Nesse período de dois anos, os médicos devem fazer provas de revalidação do diploma e receber o valor integral da bolsa paga aos profissionais. Se aprovados, poderão continuar a exercer a profissão e buscar uma vaga no novo programa.

Segundo o relator, o senador Confúcio Moura (MDB-RO), a sugestão visa atender a uma “excepcionalidade” da situação vivida pelos médicos cubanos que decidiram permanecer no Brasil após o anúncio do fim da sua participação no Mais Médicos, destaca reportagem da Folha.

Após a apresentação do relatório, parlamentares solicitaram vista coletiva da nova versão do texto.
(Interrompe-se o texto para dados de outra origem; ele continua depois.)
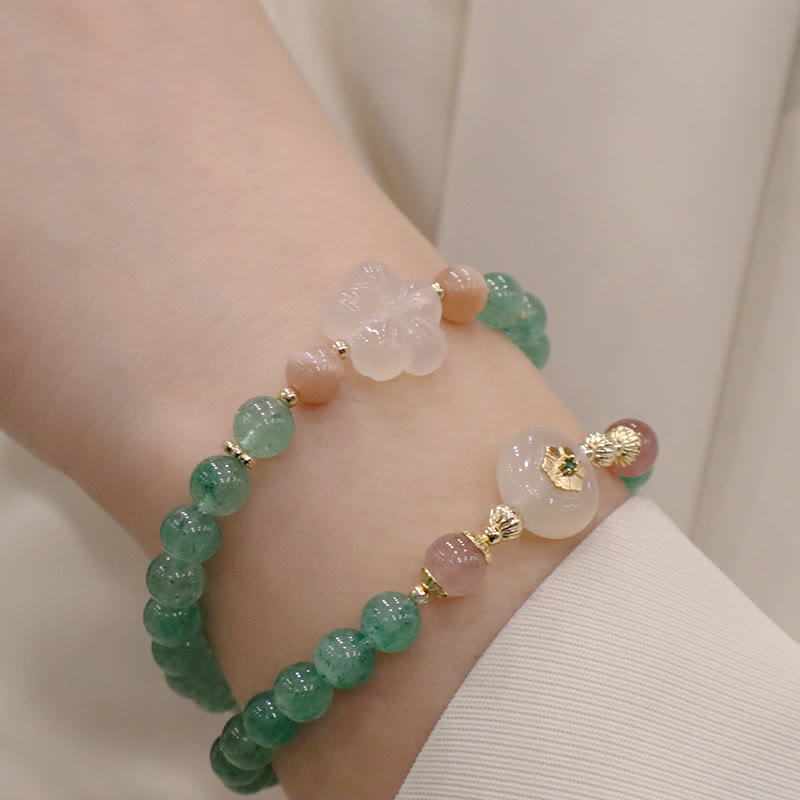 Wear FengShui Natural Green Strawberry Quartz Chalcedony Flower Gratitude Bracelet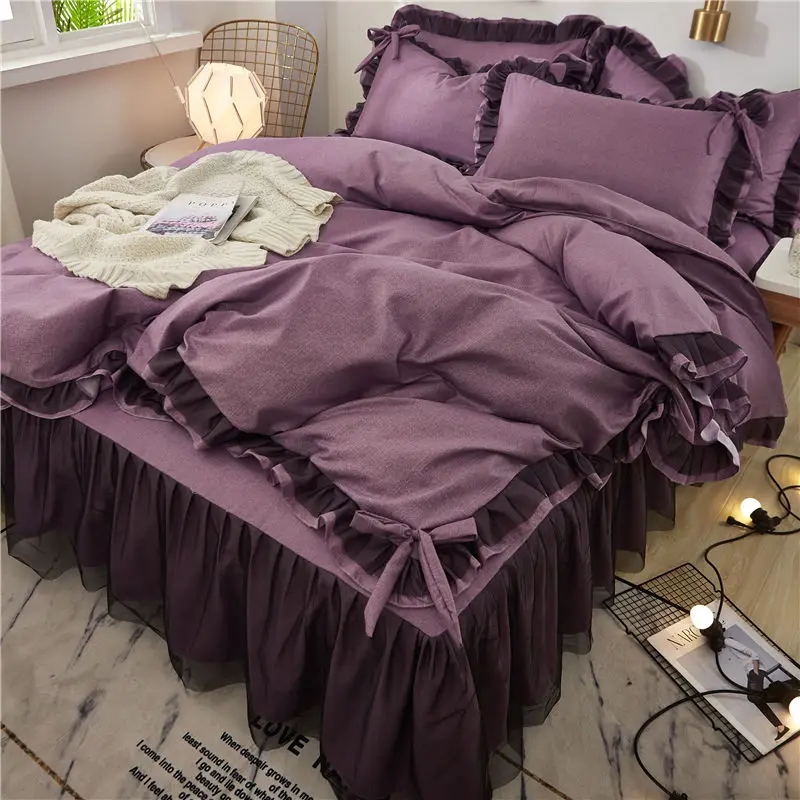 

Purple lace Bedding Set twin Full Queen King Bedspread princess Duvet Cover set Pillowcase girls lace bed skirt solid bedclothes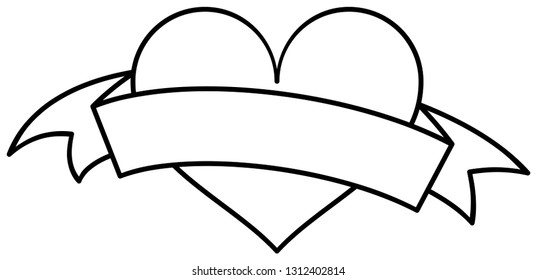 Heart ribbon outline valentines day coloring stock vector royalty free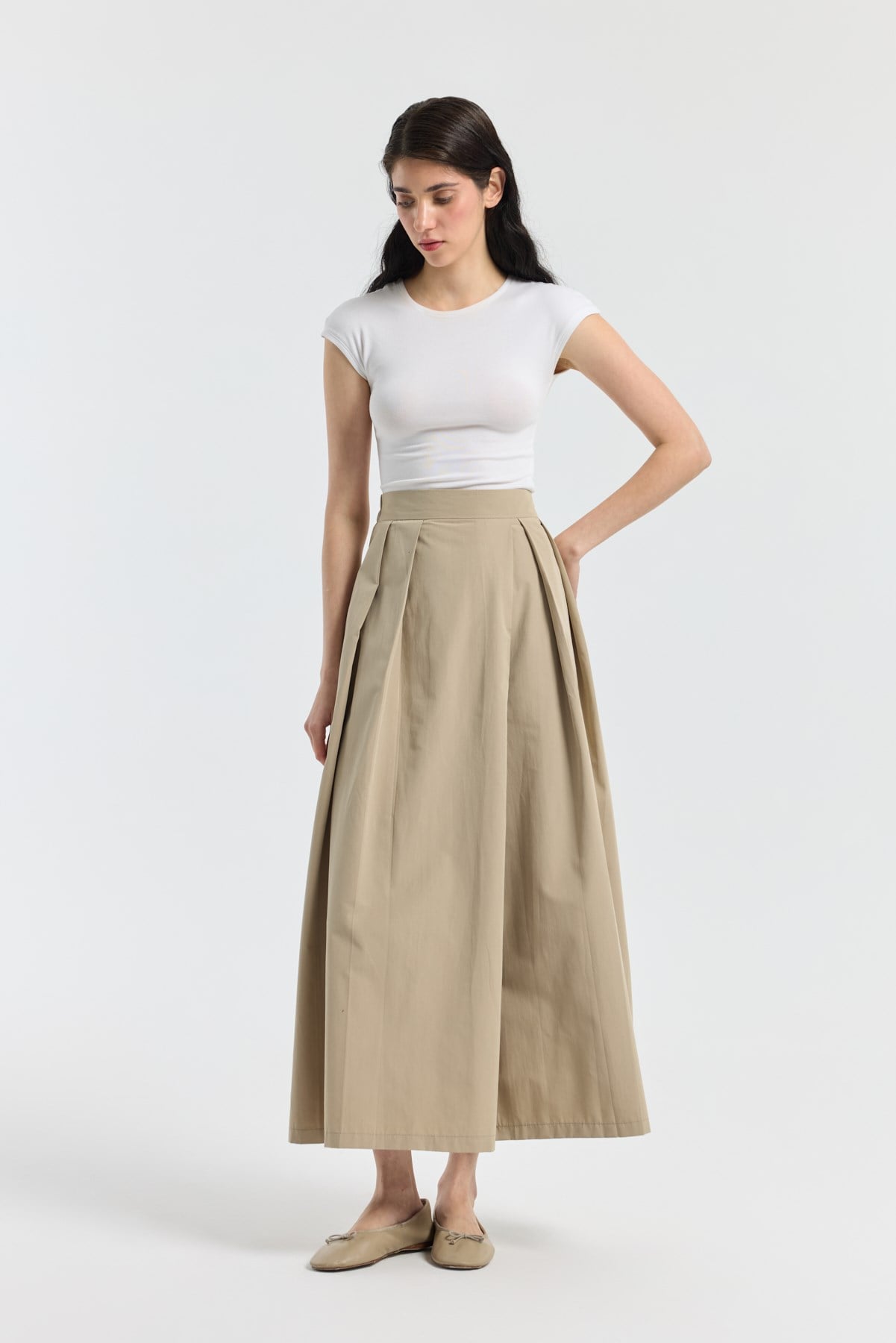 Pileli poplin pantolon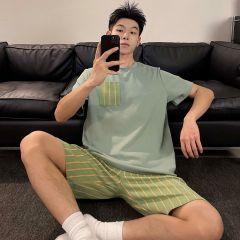 Summer imitation cotton men's round neck short sleeve shorts pajamas men's suit casual home clothes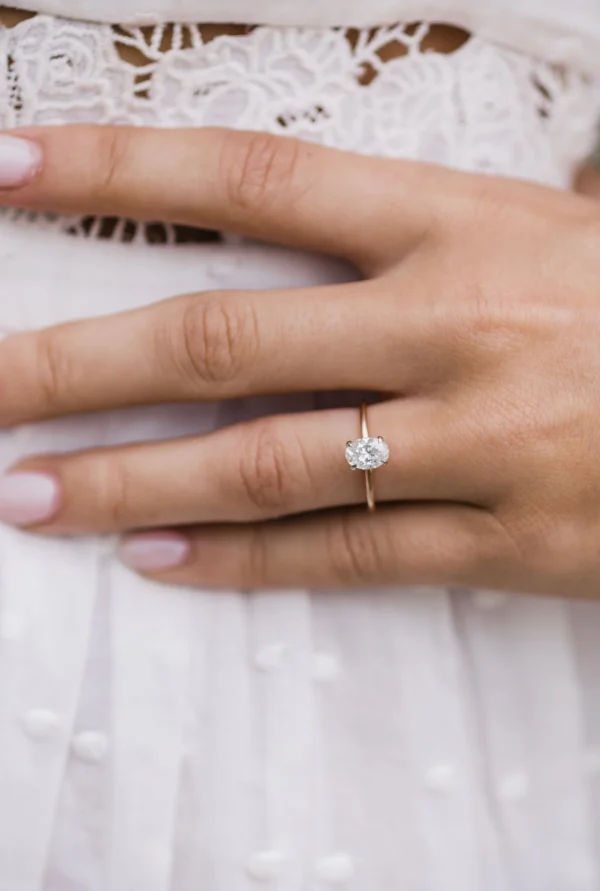 1.00Ct Oval Cut Diamond Ring Solitaire Moissanite Engagement Ring 14K Gold Wedding Anniversary Ring Hidden Halo Ring
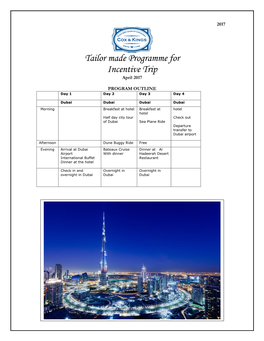 Dubai Itinerary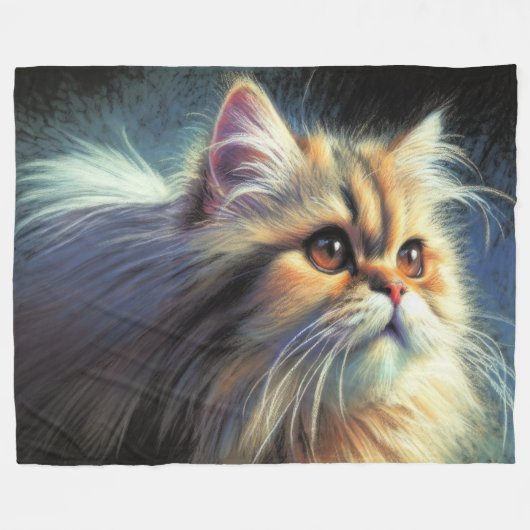 Hard Pastel Tekening Perzische Kat Fleece Deken (Voorkant (Horizontaal))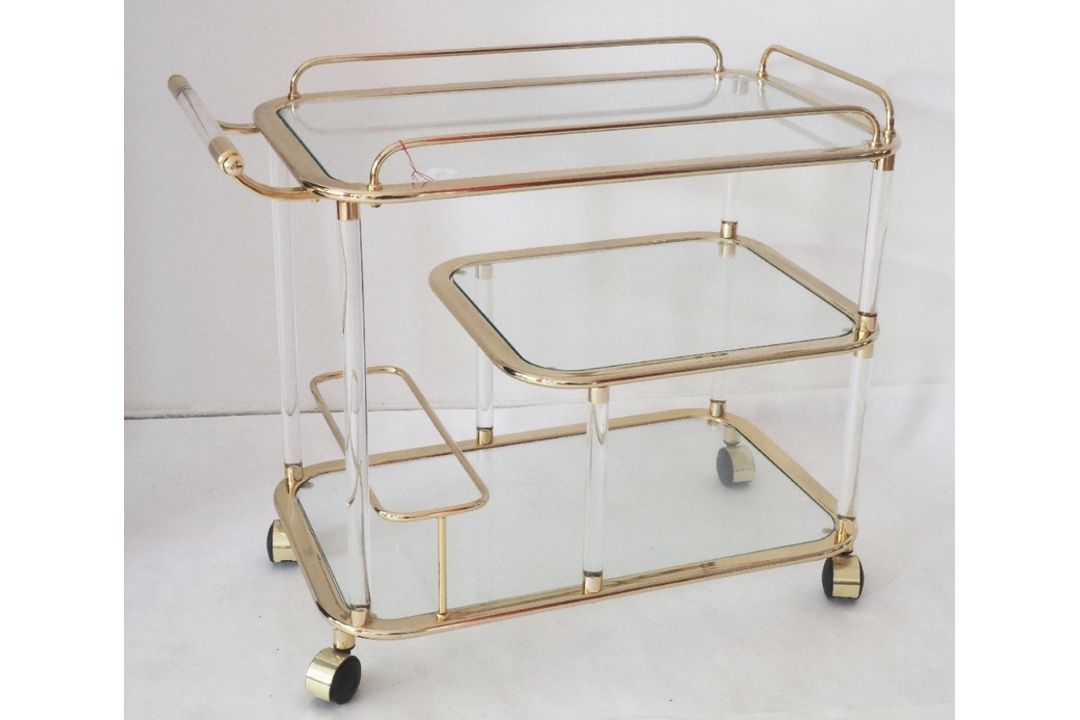 Rollender Servierwagen aus Messing und Glas. Vintage, Italien. - Bild 1 aus 5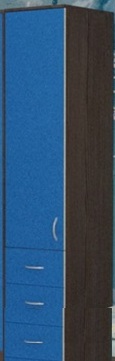 Шкаф-пенал №2 (закрытый) Бодего темный/Голубой в Кормиловке - kormilovka.katalogmebeli.com | фото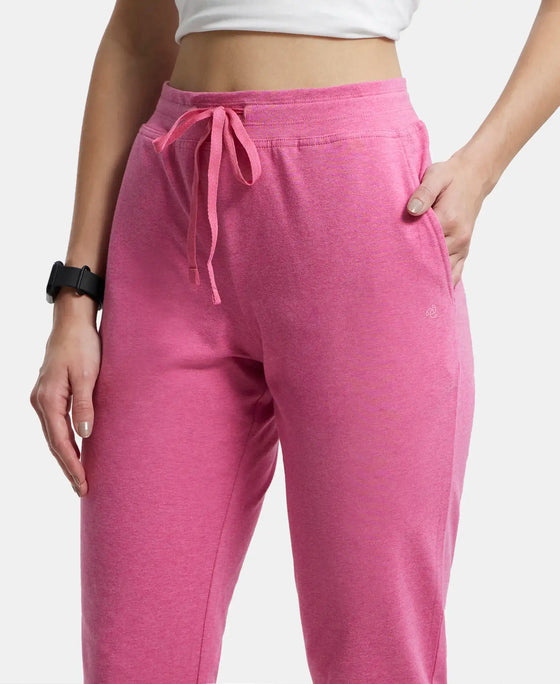 Super Combed Cotton Elastane Slim Fit Printed Capri with Side Pockets - Ibis Rose Melange-7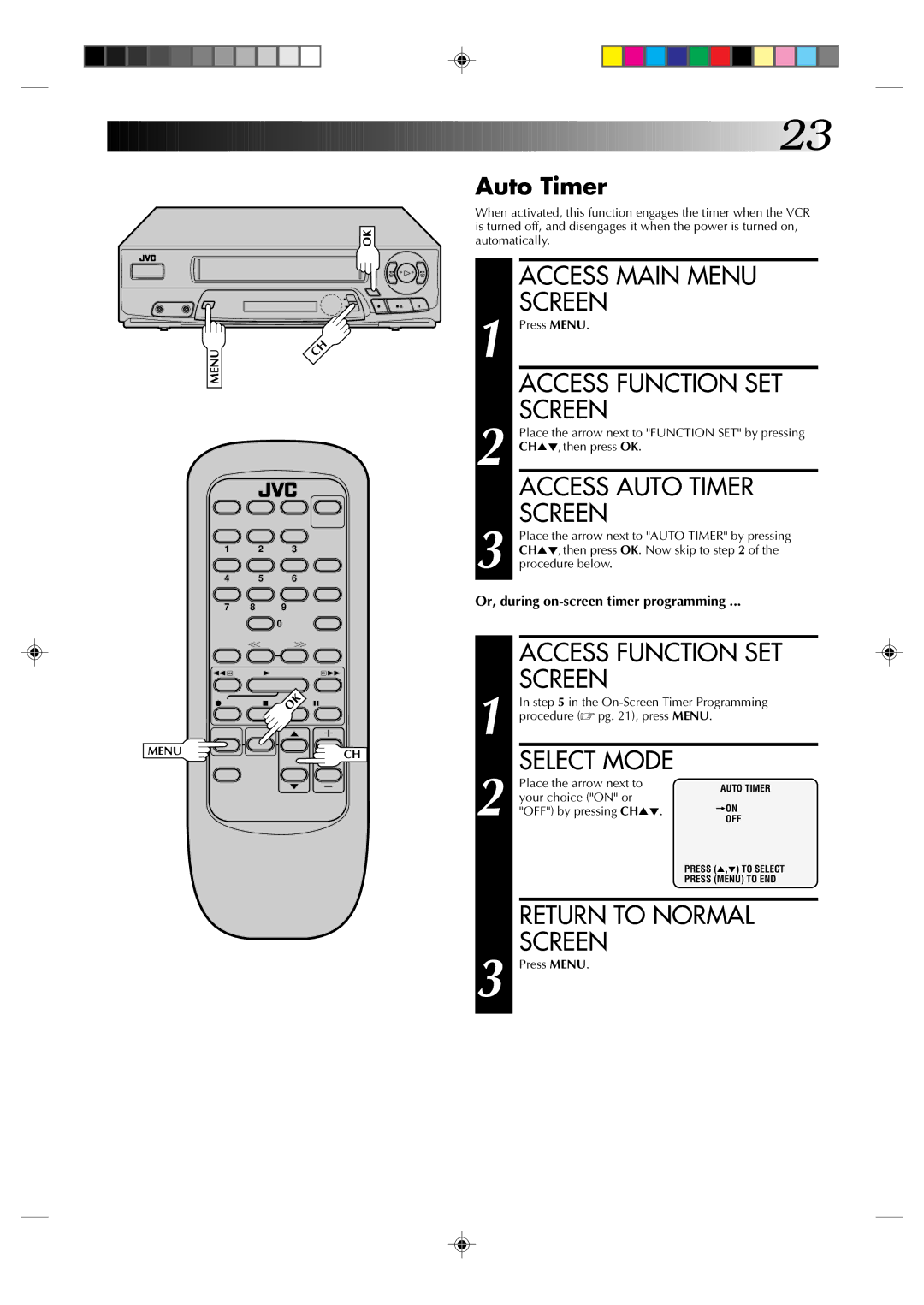 JVC HR-A22U manual Access Auto Timer 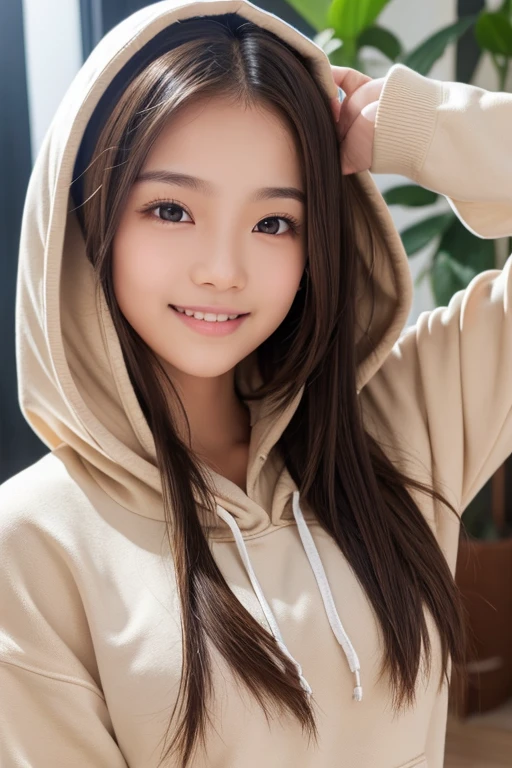 masterpiece, highest quality, 8K, super dense skin, perfect anatomy,Upper body, cute,1 girl,close up of face,Brown long hair,straight hair,oily shiny skin,smooth skin,looking at the viewer,sharp focus,center the focus,oversized hoodie,underwear pants only,,innocent smile,double eyelid,detailed eyes,Excited,sexy pose,Erotic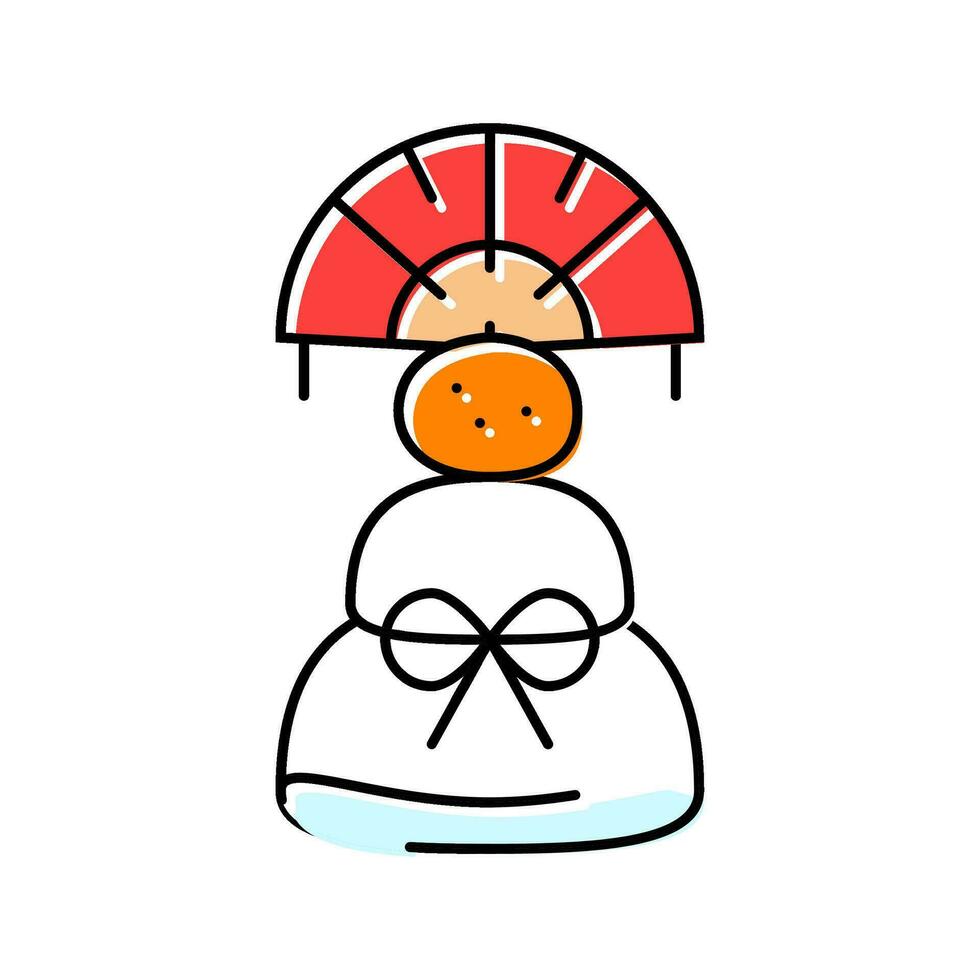 kagami mochi decoration shintoism color icon vector illustration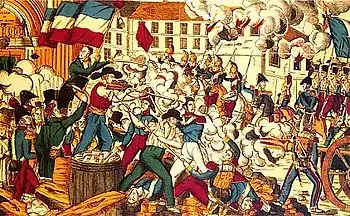Illustration de la révolte des canuts de 1831.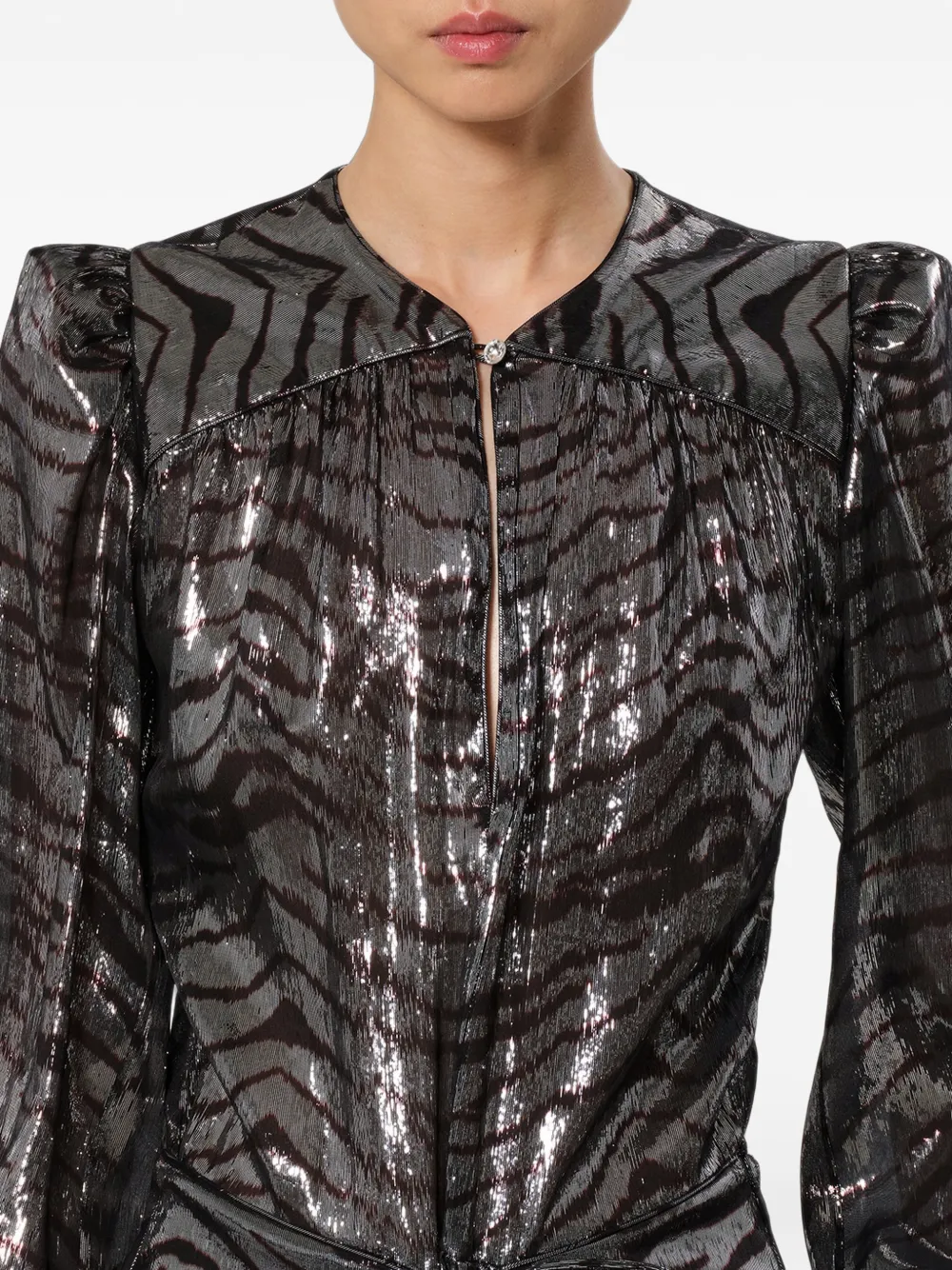 ISABEL MARANT Felby zijden jurk Zilver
Segundo o presidente da comissão, o deputado Ruy Carneiro (PSDB-PB), a expectativa é que o debate seja retomado já na próxima semana, quando deve ser feita a votação do relatório. Se aprovado, segue para os plenários da Câmara e do Senado.

Iniciado há um mês, o debate na comissão envolveu sete audiências públicas e análise de cerca de 366 emendas, nome dado às sugestões de alterações no texto original da medida. A situação dos cubanos e as mudanças no Revalida foram algumas das principais demandas.

Para Carneiro, a discussão foi técnica. “A política não contaminou o ambiente”, afirma ele, para quem os debates deixaram de lado divergências sobre “Lula e Bolsonaro”.